Monthly Rainfall Becoming Less Extreme In South West
By Paul Homewood
Yesterday I looked at claims that “carbon emissions” had made the extreme rainfall seen during January 2014 in southern England more likely.
Today I am going to zoom in on the South West, where flooding was most acute.
We can see from the Met Office data below that it was indeed the wettest January on record since 1910, albeit only 4mm more than 1948.
But January is only month, and it is easy to cherry pick records for just one month, and in one particular region. Climatologically, such claims are meaningless.
If we want to detect trends in extreme rainfall, it makes much more sense to look at all of the traditionally wet months of the year, which in the South West’s case are October, November, December and January.

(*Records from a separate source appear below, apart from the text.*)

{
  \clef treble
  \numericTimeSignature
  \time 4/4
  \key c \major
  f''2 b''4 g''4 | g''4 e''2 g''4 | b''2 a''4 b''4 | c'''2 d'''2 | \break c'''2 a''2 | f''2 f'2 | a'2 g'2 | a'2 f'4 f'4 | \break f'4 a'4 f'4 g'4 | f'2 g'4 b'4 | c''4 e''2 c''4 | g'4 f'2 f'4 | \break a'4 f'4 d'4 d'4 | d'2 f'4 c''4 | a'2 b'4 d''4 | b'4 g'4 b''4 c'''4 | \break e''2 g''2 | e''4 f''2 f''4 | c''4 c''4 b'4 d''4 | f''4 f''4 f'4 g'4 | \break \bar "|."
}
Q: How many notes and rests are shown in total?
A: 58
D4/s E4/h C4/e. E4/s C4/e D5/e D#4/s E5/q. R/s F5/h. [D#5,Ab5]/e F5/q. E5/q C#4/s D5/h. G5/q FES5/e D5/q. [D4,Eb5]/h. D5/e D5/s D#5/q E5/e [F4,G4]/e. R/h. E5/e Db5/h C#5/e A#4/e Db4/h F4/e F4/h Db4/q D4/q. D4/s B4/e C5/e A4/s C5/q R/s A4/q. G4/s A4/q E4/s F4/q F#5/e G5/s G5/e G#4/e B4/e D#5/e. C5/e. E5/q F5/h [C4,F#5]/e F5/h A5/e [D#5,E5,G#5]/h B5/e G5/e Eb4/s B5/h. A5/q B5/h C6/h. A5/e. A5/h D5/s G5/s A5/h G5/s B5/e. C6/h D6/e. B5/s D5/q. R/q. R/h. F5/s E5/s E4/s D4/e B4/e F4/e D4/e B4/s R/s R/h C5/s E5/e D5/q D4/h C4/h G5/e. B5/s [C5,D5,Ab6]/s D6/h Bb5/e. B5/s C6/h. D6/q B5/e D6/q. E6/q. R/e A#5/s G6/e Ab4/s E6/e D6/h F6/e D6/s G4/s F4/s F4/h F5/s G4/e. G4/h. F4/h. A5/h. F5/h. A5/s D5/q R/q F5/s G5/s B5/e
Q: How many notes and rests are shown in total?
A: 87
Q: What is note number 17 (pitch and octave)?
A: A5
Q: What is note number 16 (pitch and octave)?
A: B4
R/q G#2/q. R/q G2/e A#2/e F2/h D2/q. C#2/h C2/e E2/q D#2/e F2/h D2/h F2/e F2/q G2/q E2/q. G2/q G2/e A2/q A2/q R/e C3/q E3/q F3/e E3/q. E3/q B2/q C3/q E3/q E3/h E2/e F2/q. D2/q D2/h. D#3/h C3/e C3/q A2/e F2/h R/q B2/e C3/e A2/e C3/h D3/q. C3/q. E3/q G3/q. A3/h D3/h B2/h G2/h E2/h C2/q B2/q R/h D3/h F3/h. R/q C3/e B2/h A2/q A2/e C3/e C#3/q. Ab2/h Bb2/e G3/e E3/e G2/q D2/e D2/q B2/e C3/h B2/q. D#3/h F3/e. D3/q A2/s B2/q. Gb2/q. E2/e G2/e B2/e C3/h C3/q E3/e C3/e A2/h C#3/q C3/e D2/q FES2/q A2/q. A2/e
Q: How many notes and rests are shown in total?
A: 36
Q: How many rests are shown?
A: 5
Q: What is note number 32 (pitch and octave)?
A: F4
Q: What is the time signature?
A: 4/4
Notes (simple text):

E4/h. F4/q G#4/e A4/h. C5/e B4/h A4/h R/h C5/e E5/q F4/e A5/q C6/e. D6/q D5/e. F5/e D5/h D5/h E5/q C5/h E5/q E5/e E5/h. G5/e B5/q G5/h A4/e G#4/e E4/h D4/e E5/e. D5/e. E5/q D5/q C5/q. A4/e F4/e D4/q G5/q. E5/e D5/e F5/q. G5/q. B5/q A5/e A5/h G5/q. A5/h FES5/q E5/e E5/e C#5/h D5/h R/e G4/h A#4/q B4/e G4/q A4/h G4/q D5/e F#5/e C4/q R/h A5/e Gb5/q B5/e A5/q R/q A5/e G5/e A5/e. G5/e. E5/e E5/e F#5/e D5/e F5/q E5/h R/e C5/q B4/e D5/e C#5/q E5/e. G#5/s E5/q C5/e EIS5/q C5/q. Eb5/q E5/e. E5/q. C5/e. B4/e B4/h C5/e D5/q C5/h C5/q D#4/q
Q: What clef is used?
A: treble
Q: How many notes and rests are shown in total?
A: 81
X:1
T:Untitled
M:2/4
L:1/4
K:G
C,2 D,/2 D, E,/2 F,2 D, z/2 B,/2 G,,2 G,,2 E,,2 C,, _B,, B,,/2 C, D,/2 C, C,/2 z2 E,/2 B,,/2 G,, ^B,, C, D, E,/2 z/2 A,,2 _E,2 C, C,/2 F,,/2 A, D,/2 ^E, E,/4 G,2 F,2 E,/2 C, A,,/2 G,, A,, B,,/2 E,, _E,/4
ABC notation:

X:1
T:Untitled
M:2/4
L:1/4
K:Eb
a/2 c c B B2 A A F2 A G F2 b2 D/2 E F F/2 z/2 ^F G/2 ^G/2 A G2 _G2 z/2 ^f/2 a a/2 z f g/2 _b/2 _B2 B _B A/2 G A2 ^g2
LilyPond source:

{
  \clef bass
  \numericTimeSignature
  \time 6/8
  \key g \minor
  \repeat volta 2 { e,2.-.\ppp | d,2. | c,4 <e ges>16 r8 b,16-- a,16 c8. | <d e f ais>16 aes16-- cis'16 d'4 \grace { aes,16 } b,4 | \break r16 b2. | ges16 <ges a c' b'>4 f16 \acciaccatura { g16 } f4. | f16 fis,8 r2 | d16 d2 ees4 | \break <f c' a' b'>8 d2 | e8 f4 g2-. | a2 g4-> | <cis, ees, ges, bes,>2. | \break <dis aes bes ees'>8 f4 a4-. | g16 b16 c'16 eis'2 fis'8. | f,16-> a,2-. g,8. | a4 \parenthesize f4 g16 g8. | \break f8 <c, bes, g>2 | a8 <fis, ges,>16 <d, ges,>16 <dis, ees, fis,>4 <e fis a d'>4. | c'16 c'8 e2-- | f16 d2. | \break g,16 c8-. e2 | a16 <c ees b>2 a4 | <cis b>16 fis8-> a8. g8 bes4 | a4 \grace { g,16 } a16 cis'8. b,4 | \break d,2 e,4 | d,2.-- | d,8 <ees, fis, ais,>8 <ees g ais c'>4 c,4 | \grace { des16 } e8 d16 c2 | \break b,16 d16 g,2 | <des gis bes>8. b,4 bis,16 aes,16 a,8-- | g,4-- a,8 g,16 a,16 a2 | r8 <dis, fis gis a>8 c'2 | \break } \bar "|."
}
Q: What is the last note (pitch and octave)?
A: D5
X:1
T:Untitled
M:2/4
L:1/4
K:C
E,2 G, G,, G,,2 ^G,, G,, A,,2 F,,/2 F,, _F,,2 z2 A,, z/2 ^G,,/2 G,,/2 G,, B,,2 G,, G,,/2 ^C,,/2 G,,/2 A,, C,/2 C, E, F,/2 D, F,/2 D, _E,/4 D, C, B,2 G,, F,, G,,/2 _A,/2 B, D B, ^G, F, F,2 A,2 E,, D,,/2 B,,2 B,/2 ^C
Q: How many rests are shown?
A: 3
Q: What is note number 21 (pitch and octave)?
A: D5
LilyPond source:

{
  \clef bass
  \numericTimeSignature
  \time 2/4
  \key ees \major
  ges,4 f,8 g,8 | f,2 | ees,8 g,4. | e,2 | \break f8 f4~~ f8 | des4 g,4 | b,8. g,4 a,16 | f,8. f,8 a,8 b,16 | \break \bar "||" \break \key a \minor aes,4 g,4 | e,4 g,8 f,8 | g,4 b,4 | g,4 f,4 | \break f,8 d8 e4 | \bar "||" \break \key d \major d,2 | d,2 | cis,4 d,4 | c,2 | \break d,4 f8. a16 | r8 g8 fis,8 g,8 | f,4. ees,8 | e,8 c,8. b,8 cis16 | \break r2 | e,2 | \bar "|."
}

In terms of averages, there is very little difference between the four.
If we analyse the wettest of these four months since 1910, we find a drastically different picture to the one painted by those who wish to persuade us that extreme rain is on the increase.
January 2014 received 250mm of rain, but this pales into insignificance against some earlier years, notably November 1929 (327 mm) and December 1934 (307 mm).
Again, notice the clustering.
Now maybe global warming can explain how Januaries are getting wetter, but Novembers and Decembers are going in the opposite direction. But I somehow doubt it.
What is clear, is that rainfall in the South West was far more extreme in the past.